- **Activity**: If a line of the records holds the word "Price", copy it out.

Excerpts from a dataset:
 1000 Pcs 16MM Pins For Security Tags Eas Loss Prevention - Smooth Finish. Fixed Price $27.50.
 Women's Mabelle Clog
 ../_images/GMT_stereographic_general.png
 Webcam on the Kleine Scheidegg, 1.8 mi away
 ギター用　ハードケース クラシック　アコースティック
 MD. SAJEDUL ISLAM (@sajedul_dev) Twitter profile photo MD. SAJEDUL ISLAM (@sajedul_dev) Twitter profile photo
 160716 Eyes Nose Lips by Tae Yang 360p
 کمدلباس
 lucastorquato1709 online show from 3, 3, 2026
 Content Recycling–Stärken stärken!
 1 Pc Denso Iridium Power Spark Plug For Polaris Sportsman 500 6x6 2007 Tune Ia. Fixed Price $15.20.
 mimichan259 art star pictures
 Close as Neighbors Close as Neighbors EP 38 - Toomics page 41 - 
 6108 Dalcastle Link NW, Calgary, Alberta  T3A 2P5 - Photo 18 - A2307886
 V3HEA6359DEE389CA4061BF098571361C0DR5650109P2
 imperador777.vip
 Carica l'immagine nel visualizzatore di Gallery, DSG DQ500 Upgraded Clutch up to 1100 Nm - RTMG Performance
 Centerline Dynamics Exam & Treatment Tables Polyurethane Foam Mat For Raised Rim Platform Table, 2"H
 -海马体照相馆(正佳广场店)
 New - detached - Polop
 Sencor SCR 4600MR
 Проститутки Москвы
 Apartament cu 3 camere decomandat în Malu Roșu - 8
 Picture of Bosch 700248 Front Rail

- **Exercise solution**:
 1000 Pcs 16MM Pins For Security Tags Eas Loss Prevention - Smooth Finish. Fixed Price $27.50.
 1 Pc Denso Iridium Power Spark Plug For Polaris Sportsman 500 6x6 2007 Tune Ia. Fixed Price $15.20.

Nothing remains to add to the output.